PROBLEM TO SOLVE: Pictures in the entries below are excluded; copy only the lines from the one containing "Cameraria linearifolia, photographed" to the one containing "На Крымском полуострове", both included.

AVAILABLE DATA:

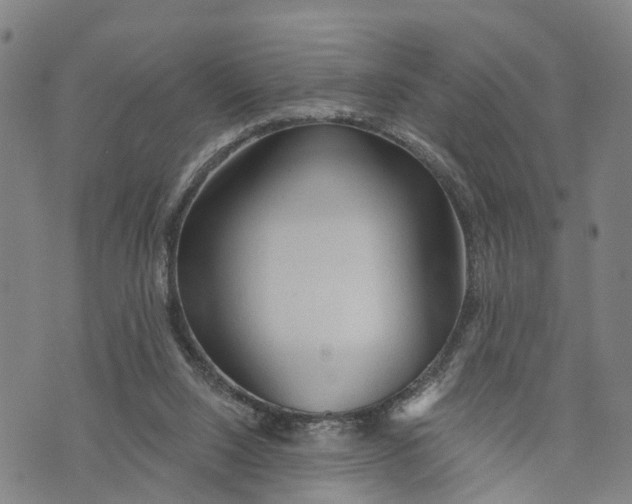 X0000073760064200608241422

...

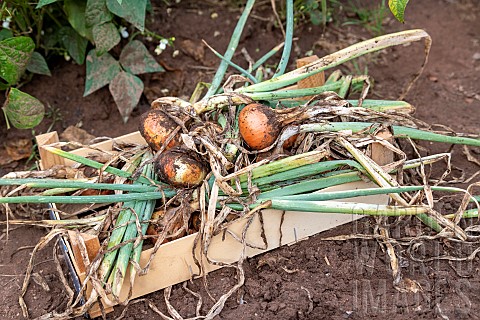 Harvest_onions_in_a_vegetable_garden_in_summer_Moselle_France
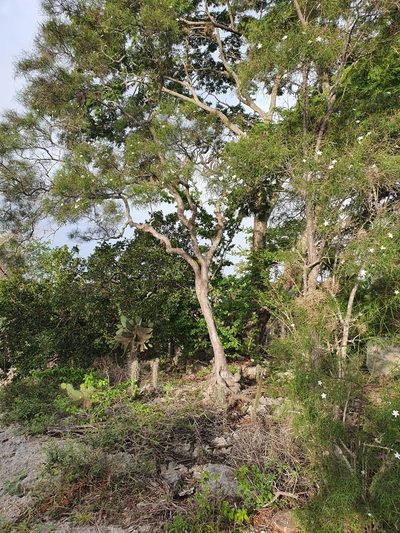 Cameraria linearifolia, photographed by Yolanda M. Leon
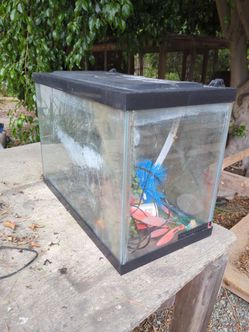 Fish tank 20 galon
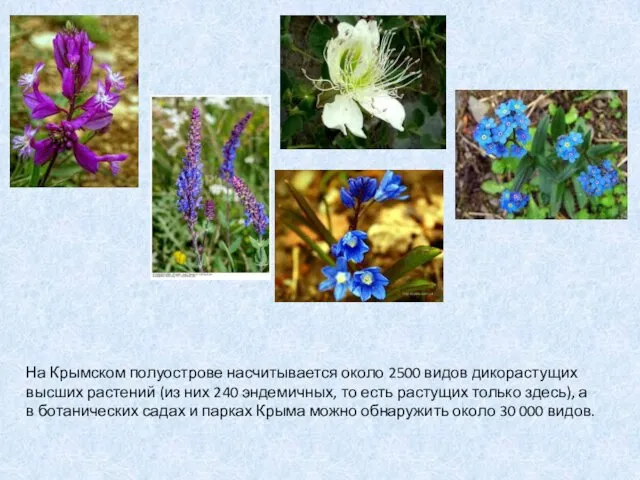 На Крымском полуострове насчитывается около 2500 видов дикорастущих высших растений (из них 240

---

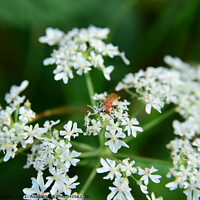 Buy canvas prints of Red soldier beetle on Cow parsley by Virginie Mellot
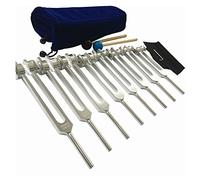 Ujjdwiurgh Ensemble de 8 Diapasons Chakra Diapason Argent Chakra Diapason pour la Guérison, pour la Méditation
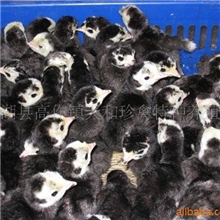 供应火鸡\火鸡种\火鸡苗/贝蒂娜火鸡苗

RESULT OF THE TASK:
 Cameraria linearifolia, photographed by Yolanda M. Leon
 Fish tank 20 galon
 На Крымском полуострове насчитывается около 2500 видов дикорастущих высших растений (из них 240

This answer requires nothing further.